Die Aktion hat der Allgemeine Blinden- und Sehbehindertenverein Berlin im Herbst initiiert. Auch in anderen Städten wie München oder Hannover wird nun die Gelbe Karte für gefährlich abgestellte E-Scooter verteilt.
Erhöhtes Unfallrisiko und unüberwindbares Hindernis
„Bei Straßenbahnhaltestellen oder vor Hauseingängen stehen E-Scooter auch oft quer“, berichtet von Malottki. Vor ihrer eigenen Haustüre habe sie das schon erlebt. Hätte sie den Stock vergessen oder wäre ihr Mann nicht dabei gewesen, wäre sie gestürzt, erzählt die blinde Frau.
Auch Ulrike Wernert hat schon gefährliche Situationen erlebt. Sie ist die Kommunale Behindertenbeauftragte in Karlsruhe und sitzt im Rollstuhl.
„Wenn ein E-Scooter mitten auf dem Gehweg steht, komme ich oft nicht vorbei. Dann muss ich mit dem Rollstuhl auf die Straße“, berichtet sie. Doch nicht nur Menschen mit einer Behinderung sind davon betroffen.
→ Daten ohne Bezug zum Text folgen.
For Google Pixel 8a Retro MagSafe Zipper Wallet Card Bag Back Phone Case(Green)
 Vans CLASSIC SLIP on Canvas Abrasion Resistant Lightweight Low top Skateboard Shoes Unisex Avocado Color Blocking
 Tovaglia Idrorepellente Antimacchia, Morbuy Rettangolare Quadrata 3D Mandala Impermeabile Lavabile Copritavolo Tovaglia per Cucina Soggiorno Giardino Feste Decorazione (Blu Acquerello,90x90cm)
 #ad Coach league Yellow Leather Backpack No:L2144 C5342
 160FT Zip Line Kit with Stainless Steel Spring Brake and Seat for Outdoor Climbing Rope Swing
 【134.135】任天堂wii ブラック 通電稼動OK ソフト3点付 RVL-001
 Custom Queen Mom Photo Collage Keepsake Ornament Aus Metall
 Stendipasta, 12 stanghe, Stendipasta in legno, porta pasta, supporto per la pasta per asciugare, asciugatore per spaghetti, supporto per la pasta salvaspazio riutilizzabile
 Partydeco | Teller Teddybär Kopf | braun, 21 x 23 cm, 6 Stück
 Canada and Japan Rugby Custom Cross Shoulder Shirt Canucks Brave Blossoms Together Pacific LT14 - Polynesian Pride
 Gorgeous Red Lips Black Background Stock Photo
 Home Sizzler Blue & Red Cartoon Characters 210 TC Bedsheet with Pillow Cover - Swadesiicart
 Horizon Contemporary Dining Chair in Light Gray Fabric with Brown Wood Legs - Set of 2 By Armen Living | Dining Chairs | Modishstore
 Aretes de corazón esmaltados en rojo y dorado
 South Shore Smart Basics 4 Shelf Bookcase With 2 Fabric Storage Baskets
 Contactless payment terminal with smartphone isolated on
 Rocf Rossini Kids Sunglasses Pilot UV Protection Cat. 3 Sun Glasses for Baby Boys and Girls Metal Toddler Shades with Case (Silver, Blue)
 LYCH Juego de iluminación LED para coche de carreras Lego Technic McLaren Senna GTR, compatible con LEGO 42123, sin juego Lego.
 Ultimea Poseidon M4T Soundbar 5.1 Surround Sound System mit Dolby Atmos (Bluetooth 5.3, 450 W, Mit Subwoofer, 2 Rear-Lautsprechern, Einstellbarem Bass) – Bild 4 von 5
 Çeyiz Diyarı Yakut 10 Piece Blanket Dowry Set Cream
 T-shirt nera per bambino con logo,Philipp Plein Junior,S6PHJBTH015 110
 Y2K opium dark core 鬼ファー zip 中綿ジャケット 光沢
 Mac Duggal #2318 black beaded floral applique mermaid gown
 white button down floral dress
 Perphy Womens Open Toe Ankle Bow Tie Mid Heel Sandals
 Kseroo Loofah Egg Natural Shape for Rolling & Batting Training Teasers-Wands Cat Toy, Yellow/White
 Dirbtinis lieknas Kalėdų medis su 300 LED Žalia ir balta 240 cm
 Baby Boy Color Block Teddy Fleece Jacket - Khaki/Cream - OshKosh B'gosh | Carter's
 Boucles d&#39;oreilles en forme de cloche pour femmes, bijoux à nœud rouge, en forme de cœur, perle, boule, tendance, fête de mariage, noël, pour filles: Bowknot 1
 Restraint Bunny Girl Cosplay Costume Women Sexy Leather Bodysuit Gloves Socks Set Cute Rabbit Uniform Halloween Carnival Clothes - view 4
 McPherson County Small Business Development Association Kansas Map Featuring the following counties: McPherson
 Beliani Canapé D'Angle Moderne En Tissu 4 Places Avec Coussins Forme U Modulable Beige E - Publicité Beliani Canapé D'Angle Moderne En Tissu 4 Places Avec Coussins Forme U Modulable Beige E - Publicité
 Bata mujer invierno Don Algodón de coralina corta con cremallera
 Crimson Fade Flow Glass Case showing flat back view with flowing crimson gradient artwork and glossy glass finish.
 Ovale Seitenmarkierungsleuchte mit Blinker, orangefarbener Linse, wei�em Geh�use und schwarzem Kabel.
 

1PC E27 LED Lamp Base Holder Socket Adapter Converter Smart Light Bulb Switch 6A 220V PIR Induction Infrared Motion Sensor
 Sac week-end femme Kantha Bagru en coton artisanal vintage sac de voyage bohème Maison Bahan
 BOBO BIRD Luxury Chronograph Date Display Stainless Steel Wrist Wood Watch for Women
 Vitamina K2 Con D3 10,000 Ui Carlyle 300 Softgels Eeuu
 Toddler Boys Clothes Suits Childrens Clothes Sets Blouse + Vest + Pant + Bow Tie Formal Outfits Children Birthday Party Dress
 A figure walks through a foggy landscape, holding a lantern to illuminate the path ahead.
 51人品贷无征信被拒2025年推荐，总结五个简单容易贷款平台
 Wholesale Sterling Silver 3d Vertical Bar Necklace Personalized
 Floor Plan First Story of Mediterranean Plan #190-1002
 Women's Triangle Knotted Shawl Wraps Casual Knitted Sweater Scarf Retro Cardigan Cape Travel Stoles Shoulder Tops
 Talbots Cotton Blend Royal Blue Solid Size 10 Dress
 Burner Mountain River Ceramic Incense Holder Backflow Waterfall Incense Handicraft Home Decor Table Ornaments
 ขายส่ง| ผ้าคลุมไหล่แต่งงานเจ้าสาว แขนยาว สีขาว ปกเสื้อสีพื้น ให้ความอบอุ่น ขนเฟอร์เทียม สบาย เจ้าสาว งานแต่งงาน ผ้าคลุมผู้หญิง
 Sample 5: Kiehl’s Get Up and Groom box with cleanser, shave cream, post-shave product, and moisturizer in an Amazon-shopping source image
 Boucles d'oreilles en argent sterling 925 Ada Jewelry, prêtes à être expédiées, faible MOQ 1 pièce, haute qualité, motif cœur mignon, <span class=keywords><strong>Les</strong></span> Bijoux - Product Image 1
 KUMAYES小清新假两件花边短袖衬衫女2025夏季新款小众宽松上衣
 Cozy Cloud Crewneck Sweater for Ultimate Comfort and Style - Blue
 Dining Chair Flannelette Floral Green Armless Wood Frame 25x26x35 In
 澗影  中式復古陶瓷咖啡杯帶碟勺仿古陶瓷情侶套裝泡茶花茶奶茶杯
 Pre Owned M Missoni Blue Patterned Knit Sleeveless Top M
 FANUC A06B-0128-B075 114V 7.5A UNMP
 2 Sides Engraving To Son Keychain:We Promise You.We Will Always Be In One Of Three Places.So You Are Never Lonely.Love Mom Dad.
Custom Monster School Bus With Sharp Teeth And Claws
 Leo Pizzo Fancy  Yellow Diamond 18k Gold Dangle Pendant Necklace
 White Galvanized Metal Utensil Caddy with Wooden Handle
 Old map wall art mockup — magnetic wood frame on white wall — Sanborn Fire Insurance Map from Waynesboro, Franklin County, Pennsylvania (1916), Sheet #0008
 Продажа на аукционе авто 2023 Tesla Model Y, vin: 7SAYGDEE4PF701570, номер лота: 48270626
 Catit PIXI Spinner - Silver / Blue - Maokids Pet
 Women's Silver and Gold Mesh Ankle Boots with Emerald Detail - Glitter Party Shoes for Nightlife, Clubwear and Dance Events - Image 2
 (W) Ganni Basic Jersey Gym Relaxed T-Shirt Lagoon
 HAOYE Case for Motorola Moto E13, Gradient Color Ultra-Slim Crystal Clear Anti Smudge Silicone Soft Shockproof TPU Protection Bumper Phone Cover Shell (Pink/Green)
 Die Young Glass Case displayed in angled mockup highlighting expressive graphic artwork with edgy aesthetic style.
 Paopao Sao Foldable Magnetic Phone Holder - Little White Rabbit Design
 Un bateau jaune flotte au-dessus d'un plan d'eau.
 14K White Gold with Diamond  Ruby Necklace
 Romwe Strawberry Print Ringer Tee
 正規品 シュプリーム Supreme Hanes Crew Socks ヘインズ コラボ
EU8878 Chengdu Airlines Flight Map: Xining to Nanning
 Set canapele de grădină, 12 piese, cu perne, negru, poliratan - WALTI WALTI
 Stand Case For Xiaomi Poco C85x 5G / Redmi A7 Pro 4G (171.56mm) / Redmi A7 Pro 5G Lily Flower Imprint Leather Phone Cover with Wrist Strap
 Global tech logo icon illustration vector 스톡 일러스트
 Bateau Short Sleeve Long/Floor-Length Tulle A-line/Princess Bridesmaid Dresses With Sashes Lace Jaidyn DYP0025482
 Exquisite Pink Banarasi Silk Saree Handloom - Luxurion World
Menschen mit Kinderwagen oder Rollator hätten die gleichen Probleme.
Am besten sollten Nutzer E-Scooter an Fahrradparkplätzen abstellen, vor Pfosten oder Laternenmasten sowie am Rand von Grünflächen, so der Vorschlag des Beirats. Einige Anbieter sind ebenfalls aktiv geworden und fordern, dass der Nutzer ein Foto vom abgestellten E-Scooter macht und in die App hochlädt.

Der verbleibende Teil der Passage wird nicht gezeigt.